"Yo creo en lo que veo escrito. Hablando se dicen un montón de mentiras. Pero cuando uno las escribe, entonces es verdad".
Septiembre de 1960. Atardece en una pequeña isla mediterránea cerca de
Nápoles. El pequeño
Erri de Luca, descalzo sobre la tierra de un viñedo, saborea grano a grano un racimo de uvas recién recolectado. Ninguna plegaria puede otorgar más gracia que este sencillo y goloso gesto infantil. Cincuenta años más tarde este escritor napolitano se "arrima" lúcidamente a través de la escritura a su Yo de diez años, edad que según él "no tiene la multitud interior de la infancia ni el descubrimiento físico del cuerpo adolescente" pero que, sin embargo, le sirve de mirador para observar el fin de la
niñez, que acaba "cuando se añade el primer cero a los años".

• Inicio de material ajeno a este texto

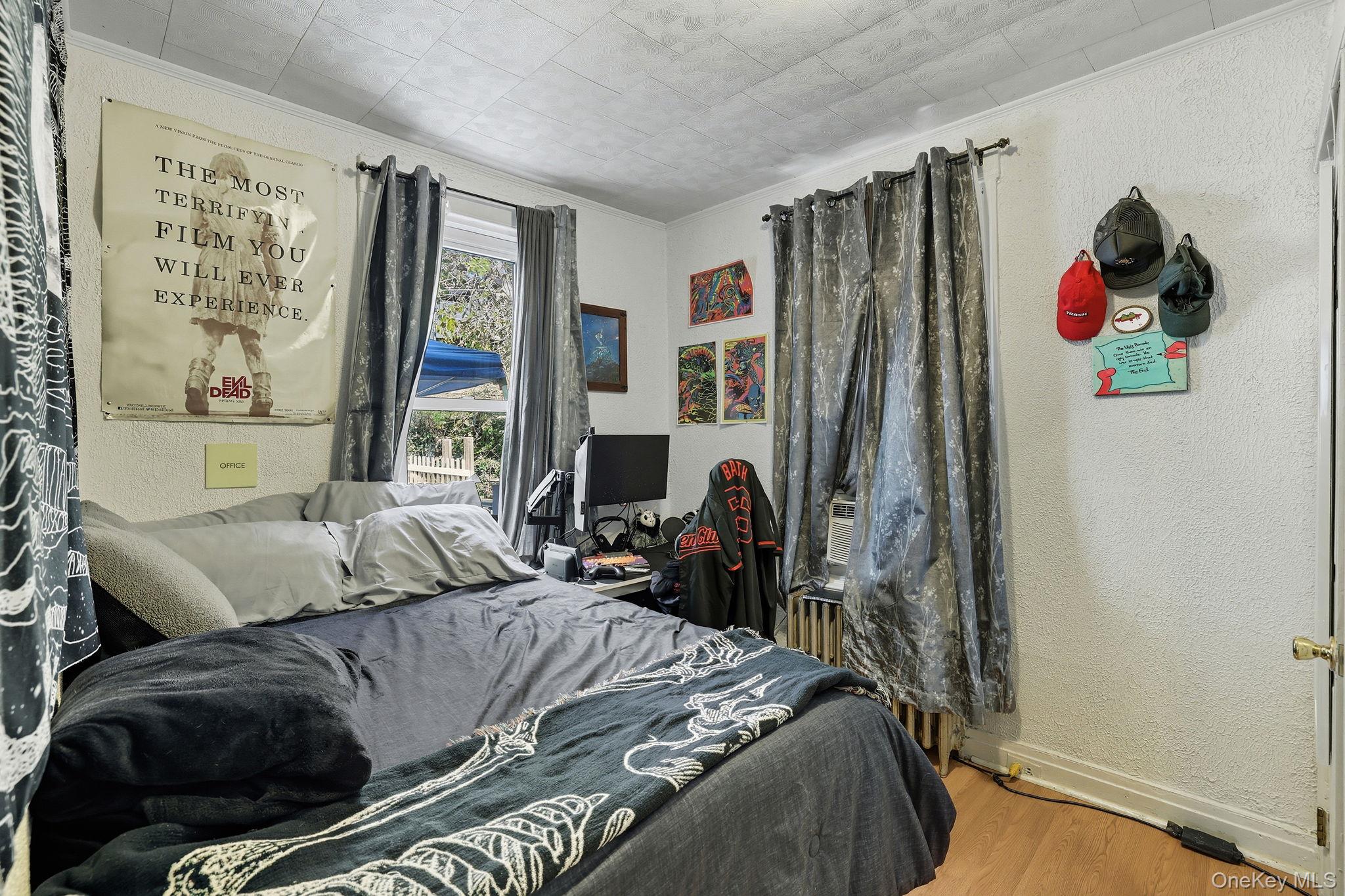 261 Edwards Place, Yonkers, NY 10703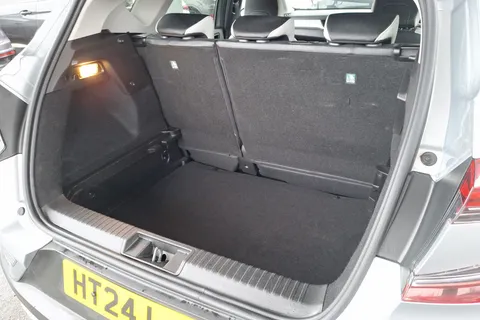 HT24LJO Renault Captur 1.0 TCE 90 Techno 5dr Thumbnail #21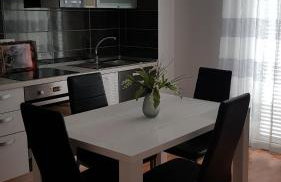 Ruzica Apartments - Foto 74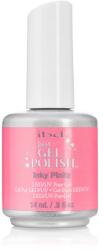 ibd Gel lac - IBD Just Gel Polish 65732 - Buxom Bombshell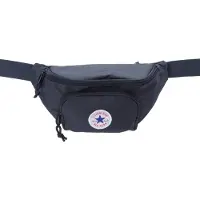 Converse Kids Cam Go 2 Sling Bæltetaske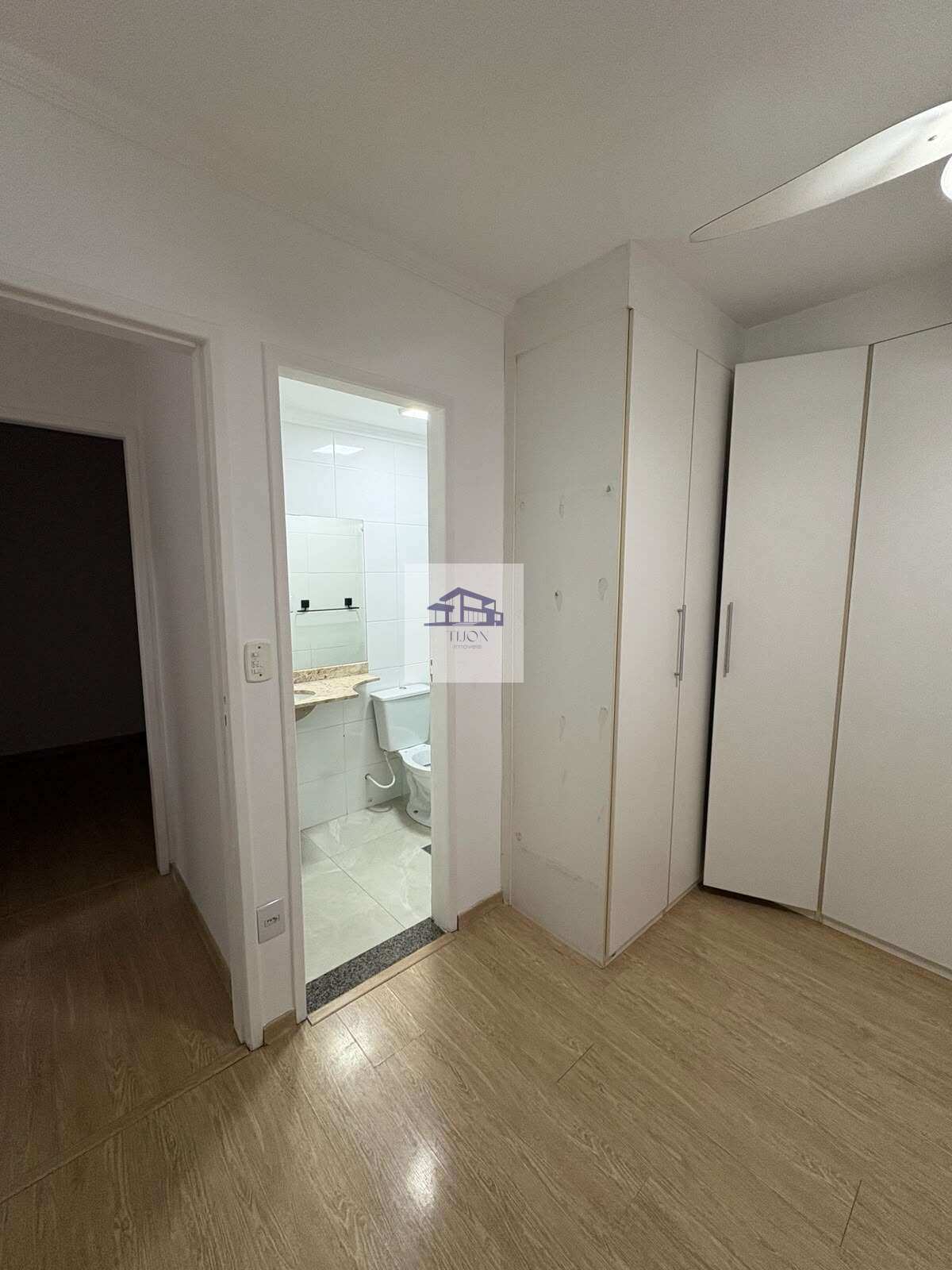 Apartamento à venda, no Edifício Vera Lúcia em Sorocaba, Vila São Caetano, com 3 quartos, 61,78m² - Tijon Imóveis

A los diez años, gracias a los libros de su padre,
Erri de Luca aprendió a conocer a los adultos por dentro y vio que eran "niños deformados por un cuerpo voluminoso", que eran patéticos, previsibles y vulnerables, que decían palabras que no mantenían y que había mucha distancia entre sus frases y las cosas. A los diez años algo en él conectó el nervio entre el dolor de fuera y sus propias fibras y el "baluarte de los libros" ya no bastó para aislarle del exterior.
A los diez años percibió que nada era lo que parecía, que por todas partes "había un doble fondo y una sombra", que los adultos agigantaban el verbo amar y que eso servía para casarse o para matarse. Descubrió también que el odio, ese "contagio de nervios tensados hasta el punto de ruptura", añade vinagre a las lágrimas y que aceptar sin humillación la propia inferioridad clarifica la decisión sobre el futuro.
A los diez años experimentó con sorpresa que a veces una mujer avanza hacia ti y todo el mundo a su alrededor queda desenfocado y comprobó que las manos y los besos de ella curaban incluso más que las palabras de la madre o los libros. Si esa misma mujer te convence de la importancia de la justicia, esa palabra se convierte en el centro de tu conocimiento, en la base de tu futuro carácter revolucionario; pero una justicia que arranca de la misericordia por el ofendido y no del mecanismo social y jurídico de contrapesar los agravios por los daños sufridos.
A los sesenta años, después de haber consumido casi todas las variables de nuestro Yo sin haber encontrado la definitiva, uno vuelve los ojos hacia las playas de la
infancia, de las que fue expulsado por la violencia, la injusticia o incluso el amor ("esa parada breve entre dos aislamientos") y encuentra allí lo infinitamente suyo, el proyecto nunca realizado de lo que debía haber sido.
Rilke en sus "
Elegías de Duino" decía que el destino no es más que lo denso de la infancia. Todas las maravillas que fuiste capaz de ver y experimentar a los diez años y que a los sesenta te contentas con haberlas visto, o peor aún, con reducir su posibilidad a mero autoengaño, siguen existiendo, forman ese núcleo denso del que habla el poeta alemán y que continúa fertilizando aún tu presente y marcando tu destino.